Santa Fe is shortcutting the RFP/Bid process using the dubious excuse of a five-year old contract in a rapidly advancing technology market. The Due Diligence exercised by the Department of Public Works failed – in a most dramatic fashion – to protect the city against being overcharged – by what may be greater than 60% – by a company that has never done a single street lighting job.
These are not the hallmarks of a responsibly or professionally run city.
Things you can do
Write or phone the mayor and all the city councilors and let them know what you think:
- Is Santa Fe right to shortcut the RFP/Bid process?
- Is Santa Fe right to overpay by at least 20% – and what might be more than 60% – for its new streetlights?
- Is Santa Fe right to engage with a company that has never done a streetlight project before to select, install, operate, and maintain Santa Fe’s LED streetlights?
- Do you think City Council Committees need to exercise greater and more responsible oversight on the operation of City Departments, like Public Works?

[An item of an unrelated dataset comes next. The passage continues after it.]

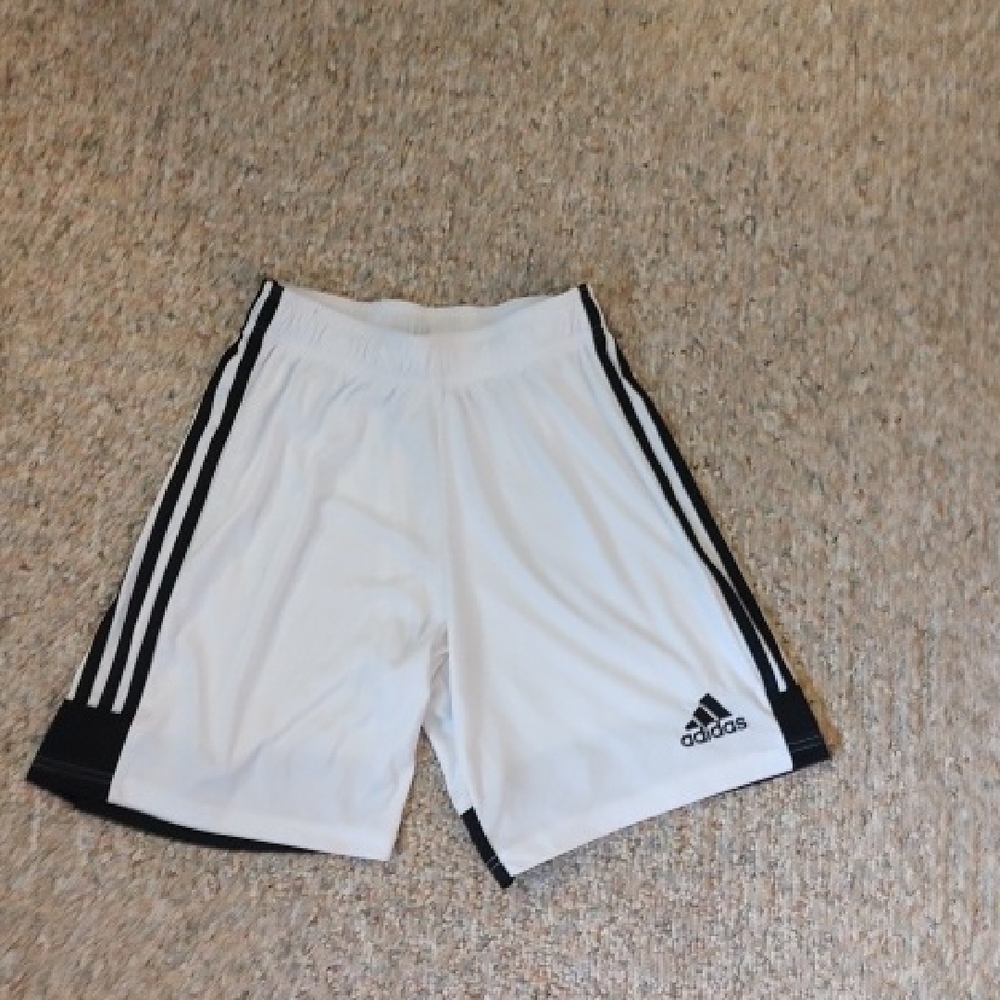 Adidas Men's White and Black Athletic Shorts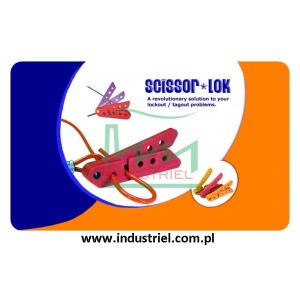 Blokada linkowa Lockout/Tagout z linką stalową 0,9m w otoczce winylowej Scissor-Lok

Write a letter to the Santa Fe New Mexican. Urge they look into this: they have resources and investigative experience that we don’t.
After writing or phoning the mayor and the councilors, attend Governing Body meetings and speak-out during the “Petitions from the Floor” – usually right at the beginning of the 6:00 PM part of the meeting – and express your concerns vocally.
Do this even if you already have written, or phoned, or spoken: sometimes responsible government requires repeating yourself until you are heard.